Having scored a British top 10 hit in 2000 with Taken for Granted, which borrowed liberally from Prokofiev's Romeo and Juliet, Sia made an album called Healing Is Difficult. She was hailed as a potential Next Big Thing, then vanished without trace. Now she is back, after dealing with some "issues", with Colour the Small One, a miniaturist set of songs that are striking in their intimacy and subtlety.
But while the mood of the disc is introspective, melancholy and watercolour-ish, the tone of Sia's live performance is bright, bouncy and mildly frenetic. A diminutive figure with a huge smile and blonde hair tied back, she scampers to the microphone and stands there waving, laughing and gesticulating at friends in the audience before prodding her band into the bittersweet groove of Sunday. Her recorded sound is a mosaic of treated instruments and programmed drum sounds, but here she is performing with a real live good ol' rock band. She sounds fine but claims to be paralysed with nerves, with a mouth as dry as a parrot's cage.

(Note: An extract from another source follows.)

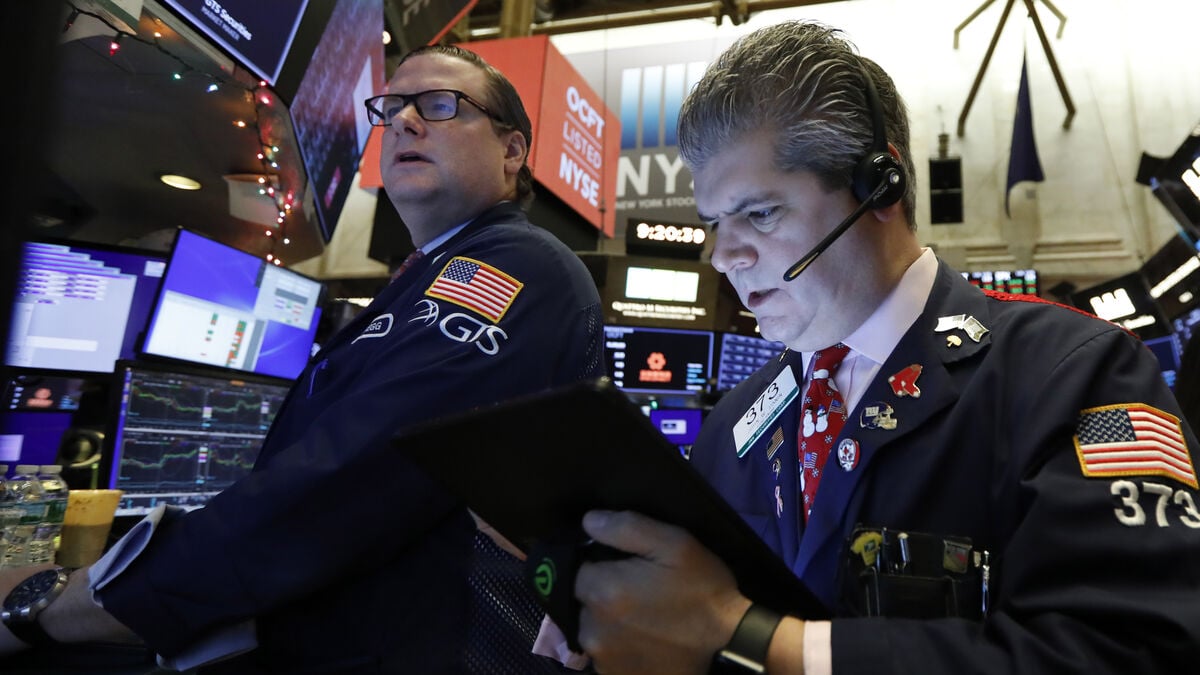 Silver prices continue to fall, gold prices fall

It's only a brief 45-minute set, but the longer she goes on, the bigger and better she sounds. Numb, a song about going through rehab, is a commercial morsel of folky pop. Sweet Potato bowls along in triple time, propelled by wheezy keyboards.

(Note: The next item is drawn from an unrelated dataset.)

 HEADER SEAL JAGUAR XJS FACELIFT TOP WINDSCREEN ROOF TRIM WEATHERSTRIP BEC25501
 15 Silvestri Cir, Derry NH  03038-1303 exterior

There's one she describes as "really silly" - something about "waiting for you again" and then "I ain't waiting for you again" - and it wears its infectious beat like a broad smile. The Bully, a song she wrote with Beck, has a great chorus with incomprehensible words. And since it is Valentine's Day, there's a special treat: we all get given 3-D glasses so we can see dancing multicoloured hearts, while the band plays George Michael's Careless Whisper. G'day and goodnight.